To resume our historical survey, we find the Boers of the Eastern Transvaal charging again under Viljoen at Mooifontein (May 25, 1901), against a convoy column, very ably and steadily handled by Colonel Gallwey. Though Viljoen’s attacks failed, it is to be noted that he suffered little loss.
Then comes a long gap of four months, during which the drought of the South African winter compelled the Boers to remain for the most part on the defensive. At the end of September, 1901, with the first spring grass, Botha took the field for the raid on Natal to which I have already alluded. His first contact with British troops came at Blood River Poort (September 17), near the Natal frontier, and 100 miles from his starting-point in the Eastern Transvaal. Here by a skilful stratagem he decoyed into an exposed position[[54]] a body of 300 mounted riflemen, and then, charging down on their flank in one lightning stroke, put out of action nearly 50 men, captured 3 guns, and forced a general surrender within ten minutes. Curiously enough, our own force, when the calamity happened, had just attempted something in the nature of a charge, in order to overwhelm the small Boer detachment which was acting as decoy—not a charge “home,” but a rapid ride over open ground into close range. They had just dismounted to open fire when Botha fell on them. The incident shows how useless mere audacity and dash are, unless founded on careful reconnaissance.
We paid dearly for the hesitations and delays which marked our attempts to envelop Botha on his long and perilous return journey from Natal. He had held from the first, and maintained to the last, a moral ascendency which took effect at the end of October (a fortnight after his return), in one of the most remarkable Boer successes of the guerilla war, and in one of the chief examples of the charge. This was at Bakenlaagte on October 30, 1901.[[55]] At this time Colonel Benson was operating independently in the midst of the “high veld” of the Eastern Transvaal. His vigorous night raids upon laagers (alluded to in the previous chapter) had exasperated the burghers to the last degree. Long on the look-out for vengeance, they seized upon Botha’s return to make an appeal to him for co-operation. Botha, at the moment, was seventy miles away to the east. By forced marching, rapid and thoroughly screened, he appeared on the field of Bakenlaagte at exactly the right moment, bringing a reinforcement whose strength must be regarded as doubtful, but which, at the utmost, did not exceed 500.[[56]] Probably the whole Boer force on the field was about 1,000. Benson’s total strength was 1,600 riflemen, of whom 650 were Infantry, and 6 guns.

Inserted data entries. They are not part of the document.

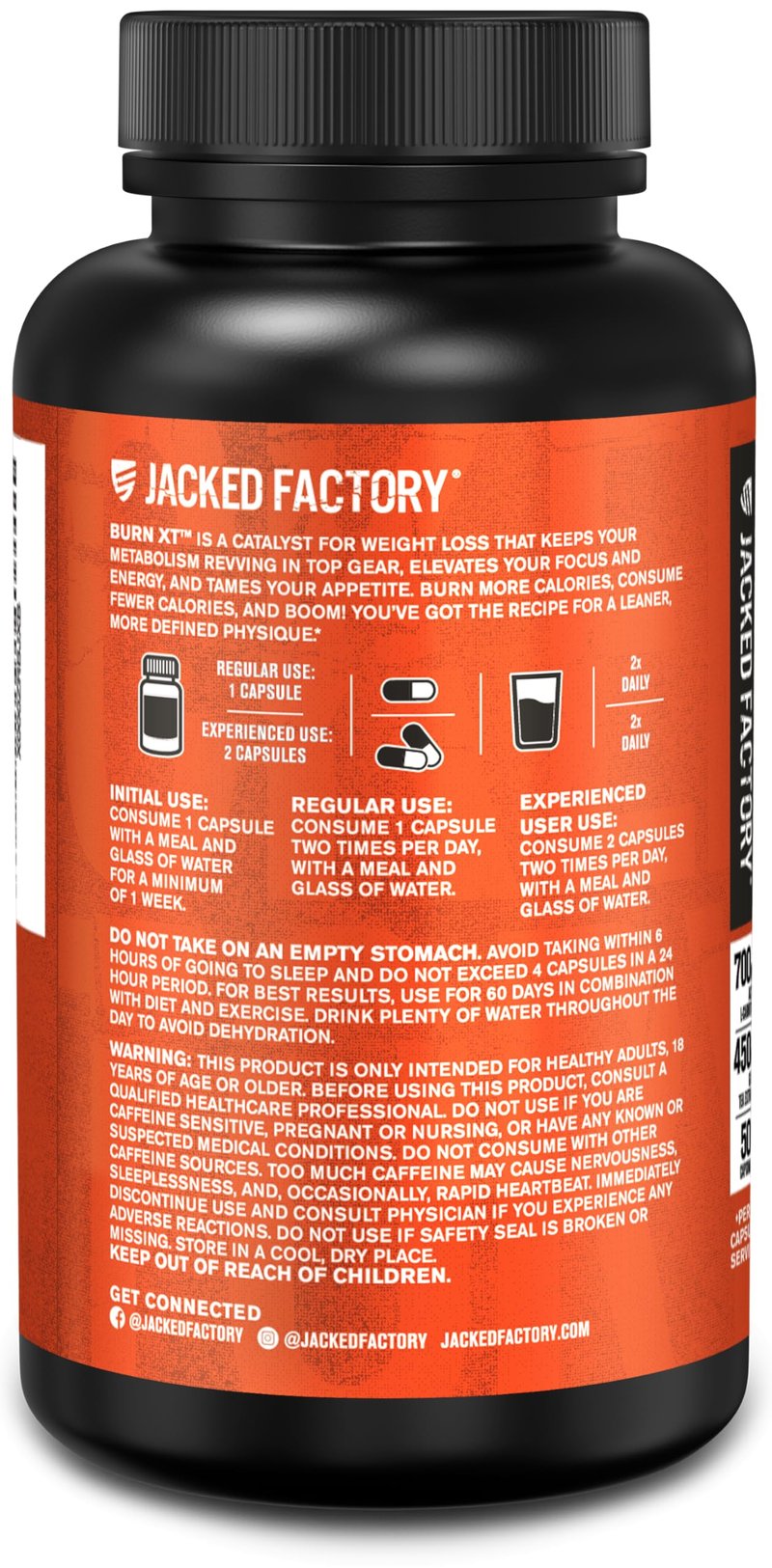 Jacked Factory Burn-XT Clinically Studied Fat Burner & Weight Loss Supplement - Appetite Suppressant & Energy Booster - with Acetyl L-Carnitine, Green Tea Extract and More - 120 Natural Diet Pills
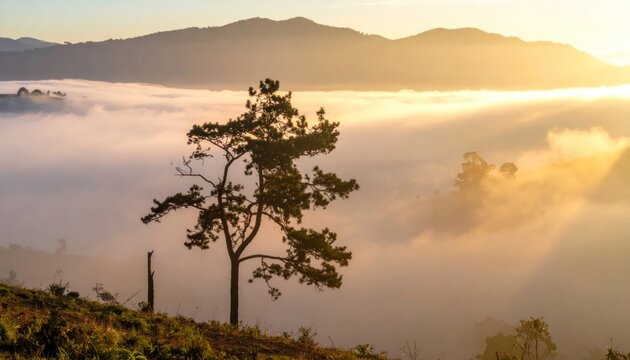 Lone tree on hillside above misty mountain valley at sunrise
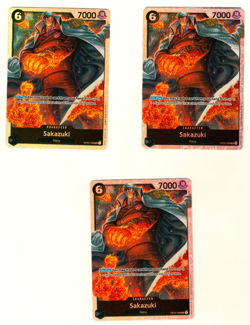Set Of 3 Sakazuki OP02-099 Super Rare Foil Paramount War One Piece Trading Card - Image 3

The tactical and topographical conditions were closely similar to those of Vlakfontein. At 2 p.m. a rear-guard of 380 mounted riflemen (this time seasoned soldiers of the regular Mounted Infantry, Scottish Horse, etc.), a company of Infantry, and 2 guns, were retiring towards camp. Other mounted detachments and guns were still out on the flanks. The main body of Infantry were either in camp or on their way to it. The weather was wet and misty, the terrain open and undulating. While demonstrating vigorously all round the perimeter of defence, Botha ordered a charge against the rear-guard. The Boers, shouting and firing from the saddle, swept over a mile and a half of ground, overwhelming the company of Infantry, catching and capturing the rearmost, or “covering” sections of mounted riflemen, and stopped just short of the crest of an elevation, afterwards known as Gun Hill, where the guns and the remainder of the mounted riflemen had hurriedly taken post. Here the Boers flung themselves from their ponies, and engaged our men at close quarters (barely thirty yards distance) on foot. The resistance they met with was magnificent. The defending force had to be almost literally exterminated before the hill was won and the guns captured.
This action reveals in a pointed way the gulf which divides arme blanche charges from rifle charges. In the former you must charge home, at all costs, and whatever the nature of the ground. There is no place in the arme blanche scheme for an assault like that at Bakenlaagte, where the Boers, with instinctive dexterity and rapidity, converted themselves in a flash from horsemen into footmen at the right place and moment, using the dead ground at the foot of Gun Hill for the protection of their horses during the fire-fight. When the charge began I do not suppose that one of them knew under what conditions of ground it would end. The ridge was of gentle gradient and of unobstructed surface, but, supposing that it had been of a sharp gradient and encumbered with boulders, these conditions would have made but little difference to the efficacy of the foot-attack, and might very well have assisted it. To an arme blanche charge they would have been fatal. (Cf. the Dronfield incident, p. 113.) The same principle will hold good in every sort of future war, and particularly in European wars, where open, undulating plains like those of the “high veld” are extremely rare. To one opportunity for an arme blanche charge there will be a hundred for rifle charges.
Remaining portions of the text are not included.